[ExI] Reply to an article

Anders Sandberg anders at aleph.se
Tue Sep 18 11:13:05 UTC 2012


On 18/09/2012 04:32, Keith Henson wrote:
> Far as I know, the engineers of the world have not been asked how to
> solve the problems.

"If we treated climate change as an engineering problem and not a moral 
problem, it would be solved long ago". There is plenty of truth in that: 
the issue of climate change has become dominated by a particular crowd 
of people whose outlook favours particular styles of solutions (emission 
reduction) over other styles (geoengineering, adaptation, really new 
energy sources). The reasons for that are the usual sociological and 
political ones - reduction fit the green small is beautiful view, it 
looked like a governable problem from the perspective of decisionmakers, 
it did not have the uncertainties of the other approaches etc. Add 
plenty of self-interest and stir.

Engineers jumping in and suggesting that we just *solve* the problem 
don't get much traction, partially because most of the crowd doesn't 
understand them, and partially because they don't see the messy bigger 
picture of coupled economical and political systems. It is a bit like 
trying to engineer away the problems of the US election or legal system: 
sure, there might be ways that would work better, but implementing them 
are near-impossible for constitutional, legal and political reasons. 
Engineering works best when you get to start fresh on designing 
something, not when you have to retrofit a complex recalcitrant system.

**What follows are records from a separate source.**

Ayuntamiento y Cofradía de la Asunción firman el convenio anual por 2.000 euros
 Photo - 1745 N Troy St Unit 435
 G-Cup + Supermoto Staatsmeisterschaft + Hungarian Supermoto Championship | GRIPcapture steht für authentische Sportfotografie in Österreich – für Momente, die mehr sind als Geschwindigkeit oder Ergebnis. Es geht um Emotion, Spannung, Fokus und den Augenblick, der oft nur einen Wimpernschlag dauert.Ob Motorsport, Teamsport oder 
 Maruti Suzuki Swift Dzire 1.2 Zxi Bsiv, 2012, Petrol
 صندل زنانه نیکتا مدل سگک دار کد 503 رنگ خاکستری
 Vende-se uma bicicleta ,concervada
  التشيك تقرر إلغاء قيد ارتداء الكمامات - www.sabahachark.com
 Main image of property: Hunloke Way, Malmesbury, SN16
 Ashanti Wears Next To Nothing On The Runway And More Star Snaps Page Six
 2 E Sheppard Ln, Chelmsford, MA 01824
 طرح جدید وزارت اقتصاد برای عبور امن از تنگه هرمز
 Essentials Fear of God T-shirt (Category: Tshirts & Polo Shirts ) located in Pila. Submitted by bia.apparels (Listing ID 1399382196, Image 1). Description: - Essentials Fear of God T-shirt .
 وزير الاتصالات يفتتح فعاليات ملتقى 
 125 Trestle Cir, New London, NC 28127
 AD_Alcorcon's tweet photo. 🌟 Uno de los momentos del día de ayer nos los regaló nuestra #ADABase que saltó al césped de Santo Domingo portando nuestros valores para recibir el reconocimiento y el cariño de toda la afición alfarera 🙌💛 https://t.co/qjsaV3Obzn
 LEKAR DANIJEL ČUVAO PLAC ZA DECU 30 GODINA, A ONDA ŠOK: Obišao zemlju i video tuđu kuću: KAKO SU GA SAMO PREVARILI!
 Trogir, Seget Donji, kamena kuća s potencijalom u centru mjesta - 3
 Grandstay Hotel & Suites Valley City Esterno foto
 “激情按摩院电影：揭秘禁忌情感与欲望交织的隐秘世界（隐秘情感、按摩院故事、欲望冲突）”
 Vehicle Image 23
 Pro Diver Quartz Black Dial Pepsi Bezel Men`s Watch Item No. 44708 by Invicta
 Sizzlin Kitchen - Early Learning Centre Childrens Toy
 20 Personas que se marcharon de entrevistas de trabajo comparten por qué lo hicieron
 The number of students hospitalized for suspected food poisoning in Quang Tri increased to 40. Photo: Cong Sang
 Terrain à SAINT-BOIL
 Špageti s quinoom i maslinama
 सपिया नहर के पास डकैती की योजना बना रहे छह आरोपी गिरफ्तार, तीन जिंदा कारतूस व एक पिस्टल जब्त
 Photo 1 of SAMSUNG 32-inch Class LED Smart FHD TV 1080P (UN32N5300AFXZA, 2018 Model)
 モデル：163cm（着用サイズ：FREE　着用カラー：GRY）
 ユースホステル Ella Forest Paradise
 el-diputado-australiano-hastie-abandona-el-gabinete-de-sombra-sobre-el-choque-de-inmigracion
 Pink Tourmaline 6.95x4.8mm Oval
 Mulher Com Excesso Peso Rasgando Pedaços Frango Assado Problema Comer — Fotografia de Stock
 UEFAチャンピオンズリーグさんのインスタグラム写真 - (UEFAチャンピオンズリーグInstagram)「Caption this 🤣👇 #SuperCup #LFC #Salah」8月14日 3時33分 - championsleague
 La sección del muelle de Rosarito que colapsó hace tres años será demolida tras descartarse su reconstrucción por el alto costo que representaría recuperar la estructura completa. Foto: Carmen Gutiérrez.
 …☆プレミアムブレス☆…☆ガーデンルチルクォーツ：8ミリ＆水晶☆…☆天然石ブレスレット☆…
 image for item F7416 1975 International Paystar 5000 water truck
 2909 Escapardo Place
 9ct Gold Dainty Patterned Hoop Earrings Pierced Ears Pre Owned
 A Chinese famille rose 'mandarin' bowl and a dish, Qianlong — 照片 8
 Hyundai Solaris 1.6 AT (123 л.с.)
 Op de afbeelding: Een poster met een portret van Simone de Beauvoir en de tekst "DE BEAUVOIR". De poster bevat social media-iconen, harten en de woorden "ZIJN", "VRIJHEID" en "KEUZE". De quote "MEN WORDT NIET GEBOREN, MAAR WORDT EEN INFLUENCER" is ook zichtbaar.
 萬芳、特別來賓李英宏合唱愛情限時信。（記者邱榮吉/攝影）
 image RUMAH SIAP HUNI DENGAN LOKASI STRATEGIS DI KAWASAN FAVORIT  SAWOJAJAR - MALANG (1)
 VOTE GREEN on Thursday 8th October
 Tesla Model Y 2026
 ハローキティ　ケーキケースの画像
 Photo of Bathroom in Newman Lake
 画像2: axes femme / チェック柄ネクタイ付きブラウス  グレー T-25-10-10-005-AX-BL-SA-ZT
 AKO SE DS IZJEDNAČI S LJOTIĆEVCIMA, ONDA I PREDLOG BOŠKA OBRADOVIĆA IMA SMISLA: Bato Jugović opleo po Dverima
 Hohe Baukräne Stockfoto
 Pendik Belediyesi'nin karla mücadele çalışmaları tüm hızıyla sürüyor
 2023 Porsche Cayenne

Still, geoengineering is being taken somewhat seriously these days. I 
know some researchers here in Oxford, both doing simulations and 
analysing how to handle the ethics/governance problems. And they later 
problems are nontrivial: just because something can in principle be done 
doesn't mean it would be a good idea (consider a climate tug-of-war 
between Bangladesh and Scandinavia, the fact that geoengineering that 
has maximal positive impact on China's agriculture is pretty bad for 
India, and vice versa, and the fundamental problems of properly testing 
something that affects the total and only system). Everybody who knows 
the field well tell me that it better be the last resort.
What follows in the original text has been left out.